Of all the entries below, only the lines from the one with "MustHome Cute Smile Coffee Cup Wall Stickers" up to and including the one with "CADUKE Trash Bag" are to be duplicated exactly.

§ **Data in this exercise**
▽

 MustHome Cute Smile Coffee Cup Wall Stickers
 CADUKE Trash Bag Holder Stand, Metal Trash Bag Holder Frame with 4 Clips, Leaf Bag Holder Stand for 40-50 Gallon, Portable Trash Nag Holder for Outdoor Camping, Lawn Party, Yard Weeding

△
▽

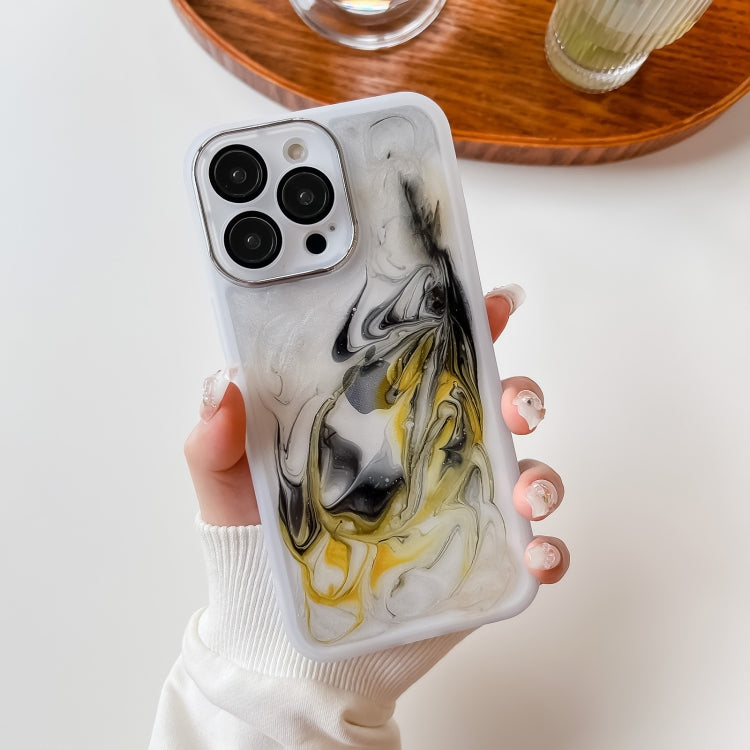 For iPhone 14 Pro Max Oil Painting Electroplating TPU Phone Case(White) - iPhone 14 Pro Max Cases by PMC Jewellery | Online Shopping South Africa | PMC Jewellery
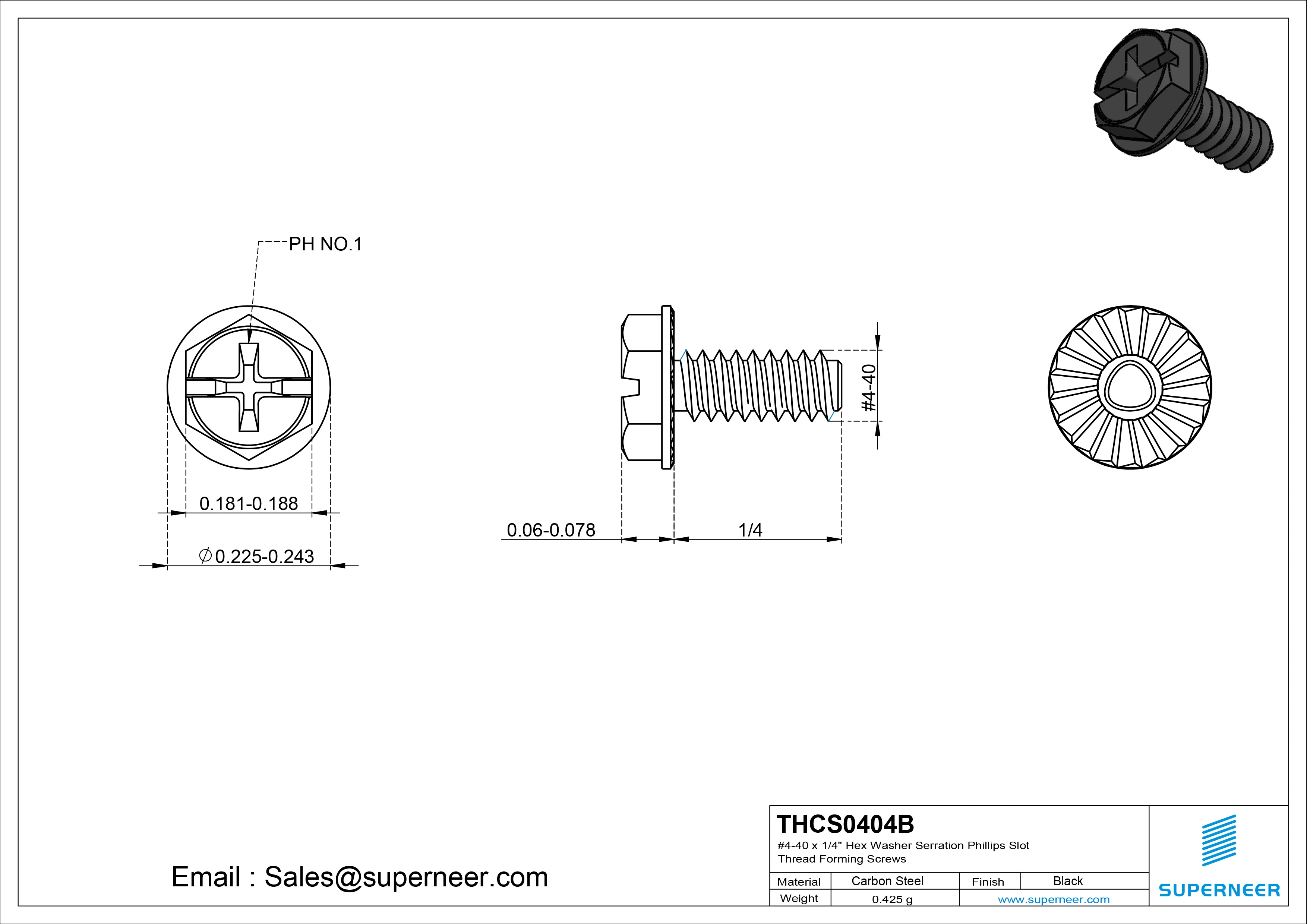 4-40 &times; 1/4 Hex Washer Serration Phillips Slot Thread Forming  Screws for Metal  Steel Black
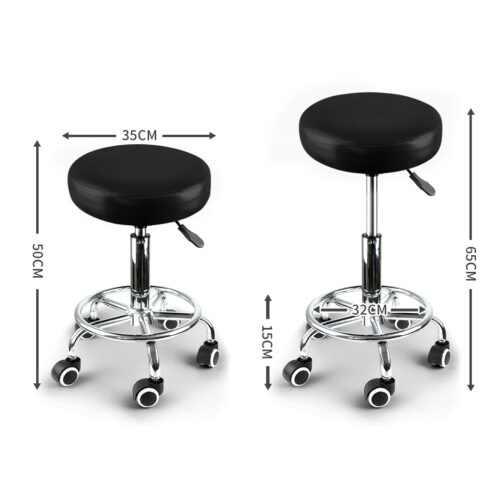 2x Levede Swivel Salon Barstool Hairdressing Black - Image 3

△
▽

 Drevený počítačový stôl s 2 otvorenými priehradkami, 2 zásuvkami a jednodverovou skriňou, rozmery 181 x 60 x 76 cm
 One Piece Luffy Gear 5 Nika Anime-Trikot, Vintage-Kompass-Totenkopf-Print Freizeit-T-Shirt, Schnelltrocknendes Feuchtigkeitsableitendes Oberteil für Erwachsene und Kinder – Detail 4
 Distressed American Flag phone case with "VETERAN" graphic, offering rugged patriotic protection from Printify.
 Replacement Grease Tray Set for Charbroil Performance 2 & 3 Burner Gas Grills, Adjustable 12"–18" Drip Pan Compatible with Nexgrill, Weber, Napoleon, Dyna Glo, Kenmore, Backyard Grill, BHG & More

△

§ **Your response**
 MustHome Cute Smile Coffee Cup Wall Stickers
 CADUKE Trash Bag Holder Stand, Metal Trash Bag Holder Frame with 4 Clips, Leaf Bag Holder Stand for 40-50 Gallon, Portable Trash Nag Holder for Outdoor Camping, Lawn Party, Yard Weeding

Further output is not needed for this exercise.